The world still has plenty of purists, but for every metalhead unable to fathom music not made with guitars, there are 50 who scroll past Lady Gaga and Lil B to get to Liturgy in their iTunes library. (Well, maybe just 15, but still…)
Of course, at-home listening is only part of the equation. Just as the market for recorded music has evolved, the concert industry has undergone radical transformations in the last decade. What it boils down to is this: Can you tolerate (and maybe even enjoy) festivals? Every year, more and more of these three-day things pop up, and with the exception of genre-specific events like Ultra and the Austin Psych Fest, they’re all pretty much the same. That’s great news if you want to see the Black Keys and Vampire Weekend and don’t mind muddying up a pair of shoes and standing up for ten hours, but not everyone has that kind of endurance.
If the average fest offers five bands you really want to see and 20 you’ll nod along to while dicking around with your phone, one might ask, why not save your money and just go see those five bands when they tour your area in the colder months?
One last question: On your way out of a great show, do you hit the merch booth? What this one aims to capture is how invested you are in the music you listen to. Are there fashion and lifestyle components to your listening? On one end the spectrum, you find the hyper-committed members of music-based subcultures — crust punks, hip-hop heads, mods, metalheads, rockabillies, psychobillies, hardcore kids, etc. Way down on the other end are people who might own a concert tee or two but wouldn’t dream of linking their identities to sounds made on guitars and drums. That attitude is hardly unjustified. After all, Broadway nerds and film-noir freaks don’t go around dressing like Cats characters or Humphrey Bogart. Why should music inspire such intense levels of devotion?
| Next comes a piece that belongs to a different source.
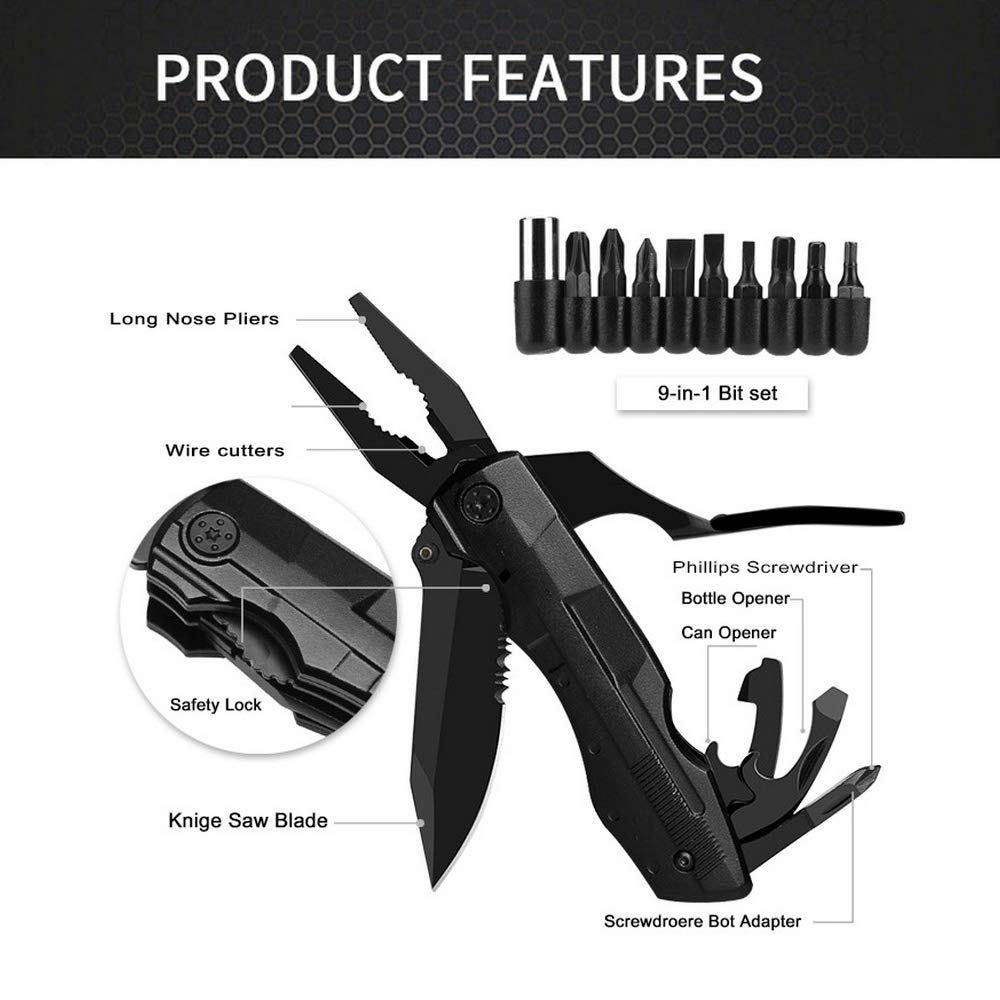 16-in-1 Multitool Pocket Knife with Saw, Blade, Pliers & Screwdrivers - Camping, Survival & Emergency Tool - Perfect Gift for Men, Dads & Outdoor Enthusiasts (Hiking, Fishing, DIY Projects)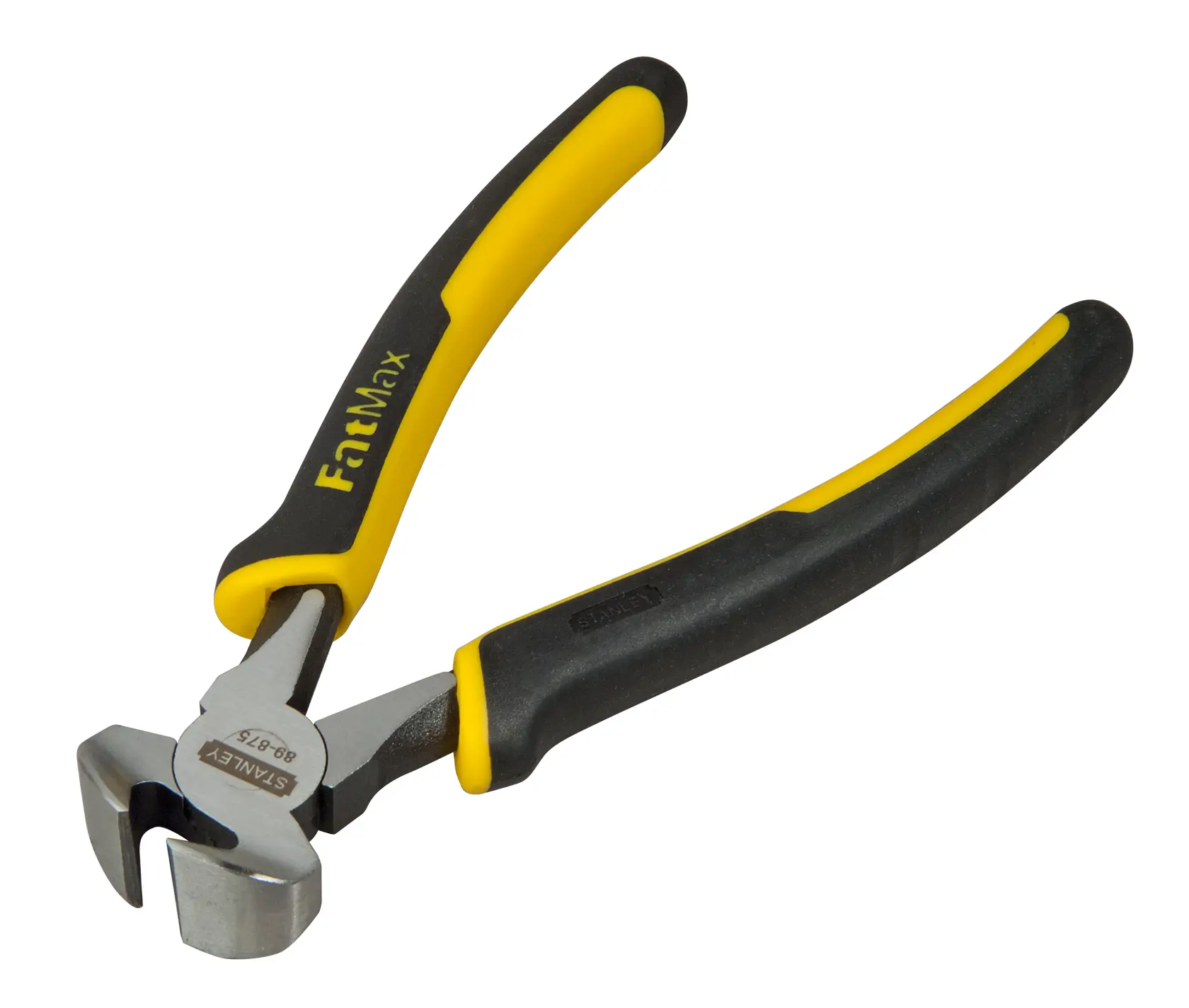 Stanley FatMax end cutting pliers with yellow and black handles, designed for heavy-duty cutting tasks.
Maybe it’s because pop music can infiltrate and enrich your life in so many different ways. As the preceding ten questions attest, you can absentmindedly hum along to whatever Alicia Keys or Fleetwood Mac song Pandora thinks you’d be into, or you can spend the drive to Bonnaroo lecturing your friends on why the R. Kelly songs they’re always streaming make them bad feminists. Or maybe you’re in the backseat, reading Record Collector and wondering what rare Smiths single you should scoop up next.